Fecha: 1 de juny de 2025

Muchos de los acontecimientos y de los momentos más importantes de la historia han sucedido en la discreción, en el silencio, en el ocultamiento. Nadie pudo ser testigo del origen del universo; nadie, salvo el ángel y María, fue testigo de la Encarnación del Hijo de Dios; solo cuatro o cinco mujeres, un discípulo y unos soldados estuvieron presentes al pie de cruz en el Calvario; nadie vio abrirse el sepulcro del que salió victorioso Jesús. Y solo el pequeño grupo de los apóstoles pudieron ser testigos, ellos sí, de la Ascensión de Jesucristo al cielo, de su regreso a su Padre celestial.

Y esta es la fiesta que celebramos este domingo, la Ascensión gloriosa de Jesucristo al cielo, su triunfo definitivo; y nosotros, aunque no estábamos allí en aquella montaña, aunque no hemos visto nada, lo creemos igual que si lo hubiéramos visto, con la misma alegría, con la misma sorpresa y admiración que los apóstoles. La Ascensión del Señor es la fiesta del regreso a casa, del hijo que vuelve a encontrarse con la familia después de haber realizado la misión que el Padre le había confiado.

Por eso nos alegramos con Jesús, lo alabamos y lo felicitamos a Él y al Padre del cielo por porque es el reencuentro de Dios con la humanidad en Jesucristo, que es Dios hecho hombre. Y su entrada en el cielo sentado a la derecha de Dios debe hacernos pensar también en nuestro regreso a casa, en nuestro encuentro definitivo con Dios. No será lo mismo, está claro, pero también nosotros que somos fruto de una llamada a la vida y a participar de la nueva vida de Hijos de Dios, sabemos que el final de nuestro camino en este mundo no es tampoco nuestro final porque estamos llamados a participar de la victoria y de la gloria del Señor Resucitado, no por nuestros méritos ciertamente, sino por el amor y misericordia de Dios.

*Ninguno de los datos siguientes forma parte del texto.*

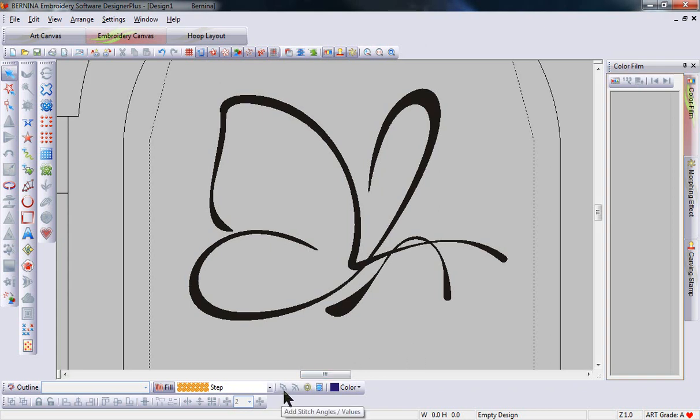This month's tooltip will cover the icons for adding stitch angles and removing stitch angles from your design.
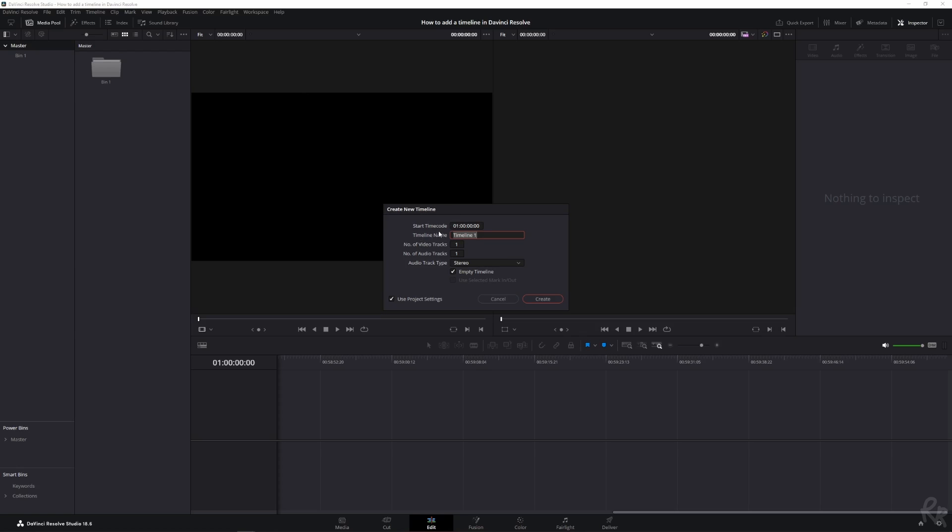And then it says the start of the time code, the timeline name. So let's call this first project, number of video tracks. Let's make this two because you've got a main track and then you've got an overlay. Maybe you want to have an adjustment layer for colors or you're going to add some lower thirds. We're going to add in two audio tracks as well. And we want the audio track to be stereo. We want an empty timeline and we want to use the project settings.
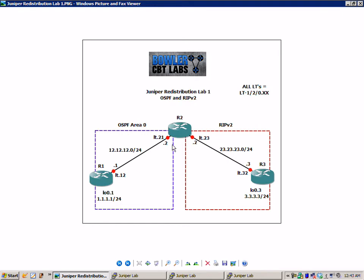And what we are using is logical systems for R1, R2, and R3, and to connect our logical systems together we are using logical tunnel interfaces. If you're not familiar with those concepts, I would suggest watching Juniper logical systems labs number one and two.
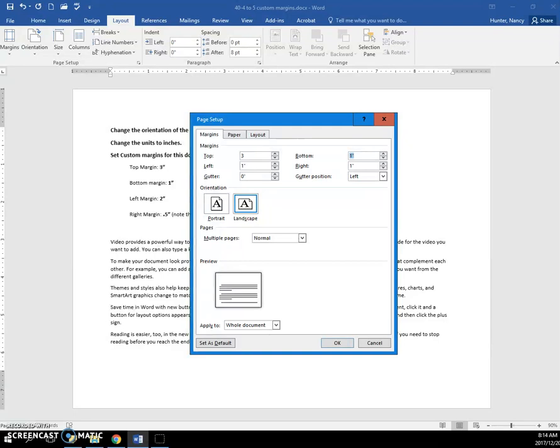The bottom margin is 1. So it is blue ready for you to change it if you want. But we'll just press the tab key again to go to the left margin which is 2. Press the tab key again.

A menudo miramos demasiado hacia la tierra, nos falta levantar más nuestros ojos y sobre todo nuestro corazón hacia el cielo. Somos como le que va caminando por las calles de la vida sin pensar que ahí arriba hay un cielo, luminoso y feliz que nos espera. Las dificultades, los quebraderos de cabeza, las distracciones del camino y también las luces, las músicas, las voces y las palabras que nos envuelven y nos aturden nos impiden con demasiada frecuencia elevar nuestros ojos más allá de lo que tenemos delante.

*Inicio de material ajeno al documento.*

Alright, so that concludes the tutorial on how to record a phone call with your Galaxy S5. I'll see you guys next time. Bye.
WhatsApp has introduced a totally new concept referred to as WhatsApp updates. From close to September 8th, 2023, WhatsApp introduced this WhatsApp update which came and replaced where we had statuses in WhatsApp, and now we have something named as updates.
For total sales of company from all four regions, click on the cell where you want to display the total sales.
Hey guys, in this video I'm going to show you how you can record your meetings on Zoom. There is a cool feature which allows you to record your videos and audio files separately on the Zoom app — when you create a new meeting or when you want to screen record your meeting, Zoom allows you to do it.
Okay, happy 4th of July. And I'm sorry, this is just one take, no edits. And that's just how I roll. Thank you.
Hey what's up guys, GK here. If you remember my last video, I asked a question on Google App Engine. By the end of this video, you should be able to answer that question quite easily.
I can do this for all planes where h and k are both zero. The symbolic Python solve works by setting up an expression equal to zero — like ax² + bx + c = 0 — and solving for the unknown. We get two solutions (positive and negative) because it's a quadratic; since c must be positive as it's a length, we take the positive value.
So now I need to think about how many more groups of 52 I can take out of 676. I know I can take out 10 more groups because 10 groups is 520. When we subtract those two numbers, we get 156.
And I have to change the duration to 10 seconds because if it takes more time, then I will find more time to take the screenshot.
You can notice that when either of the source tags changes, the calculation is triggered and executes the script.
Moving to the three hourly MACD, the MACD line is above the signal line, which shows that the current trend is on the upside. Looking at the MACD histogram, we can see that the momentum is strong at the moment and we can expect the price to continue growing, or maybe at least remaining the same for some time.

La Ascensión del Señor es el aval, el pasaporte que Él nos ha querido dejar para nuestro caminar por este mundo como ciudadanos del cielo. Es lo que llamamos la esperanza de la vida eterna. Sí, es verdad que tenemos mucho trabajo que hacer aquí en la tierra, pero no podemos olvidar que un día volveremos como Jesús con nuestra verdadera familia, y que lo único que contará entonces será el amor con el que hayamos vivido nuestra misión. Acostumbrémonos a levantar de vez en cuando los ojos en el cielo, desde donde nos mira con amor el Señor, y nos espera.